Here’s the thing to know about Bros: it’s funny. This might seem like a no-brainer, but among all the branding of the film as breaking glass ceilings, pushing beyond cultural barriers, signifying new dawns in Hollywood—it’s easy to lose track of the fact that Bros is, first and foremost, a romantic comedy out looking for laughs.
Almost from the very beginning, Bros has carried a lot of cultural and political baggage. That’s not surprising, given that it’s a rom-com centering on a gay couple produced by the major studio of Universal Pictures featuring a mostly LGBTQ+ cast. To a certain degree, such emphasis can even play to viewers as smart marketing. But when the political branding is so effective as to outweigh everything else about the movie in the minds of potential audience members, that becomes a problem and a recipe for flopping at the box office. Bros raked in around 4.8 million its opening weekend of September 30, a disappointing debut considering the film’s much higher budget. Movie co-star and writer Billy Eichner even took to social media in frustration, tweeting that “straight people, especially in certain parts of the country, just didn’t show up.” Eichner has deleted the tweet since, but the damage is arguably done. Bros, the culturally-momentous breakthrough, is cemented at the expense of Bros, the entertaining rom-com, and people already reluctant to see the film aren’t any more likely to change their minds now.

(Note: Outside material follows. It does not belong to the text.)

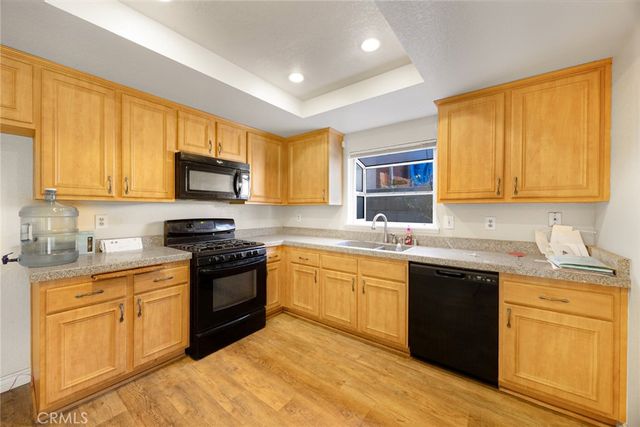 14001 Hillcrest, Fontana, CA 92337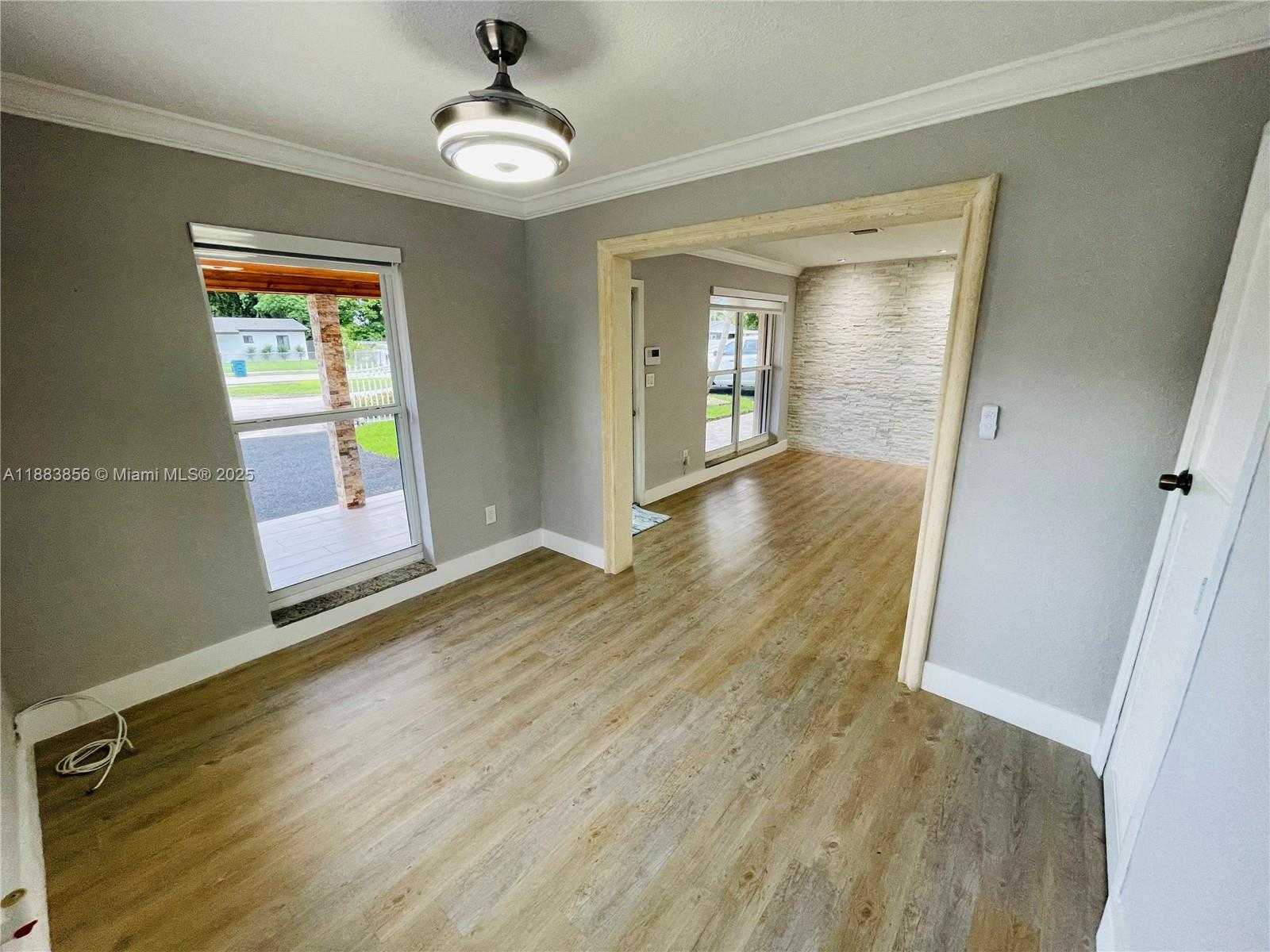 Small Image of 20400 NORTH WEST 40TH CT, Miami Gardens Number 28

All this controversy overshadows that Bros is actually a good movie. The film does what a romantic comedy is supposed to: alternately pluck your heartstrings and make you laugh. Billy Eichner and Luke Macfarlane play lead characters Bobby and Aaron, two cisgender gay white men who pride themselves on their emotional self-reliance and cynical outlook of romantic relationships, only to fall in love over the course of trying to be emotionally unavailable together. In terms of plot, the movie opts for staying true to time-tested rom-com tropes (initial dislike which gradually turns to affection; switch from hated career to childhood dream job; disaster with family; and of course, a third guy). This isn’t necessarily a weakness, though—after all, these storylines are classic for a reason and the rather cheesy ending is no less effective at evoking wistful smiles. In stark contrast, the movie’s sharp and at times self-deprecating humor is a refreshing breath of air. The dialogue runs fast and snappy, a challenge that the cast but especially Eichner handles more than admirably. Bobby’s defense of his emotional aloofness exemplifies this: “We’re horny and we’re selfish and we’re stupid. I don’t trust these people.” As does this exchange between two of Bobby’s friends: “Oh my God. Do you guys remember straight people?” “Yeah, they had a nice run.” Whenever Bobby texts with potential hookups on Grindr or drops references to pop culture (Schitt’s Creek and Hallmark movies take the brunt of it), the dialogue really shines.
Bobby, Aaron, and their budding romance are given a lot of time and consideration, but this, as a result, makes all the other characters in Bros as flat as paper cutouts. Bobby’s friends, coworkers, and Aaron’s family exist in a very cursory way at the fringes of the story, either pushing forward the plot or acting as soundboards for the lead characters to pour their hearts out to. Bobby’s friends and coworkers in particular feel composed of token characters aimed at emphasizing the film’s diversity but achieving little else. Their tokenism might be meant as a commentary on how minority characters more often check off a box than really represent a realistic perspective, but it makes for unsatisfying viewing all the same.
Still, at the end of the day, the disappointing side characters and less-than-effective marketing do nothing to detract from the fact that Bros is a rock-solid rom-com. The poignantly humorous story of Bobby and Aaron will definitely delight viewers heading into the theater with an open mind, and might even pleasantly surprise those without.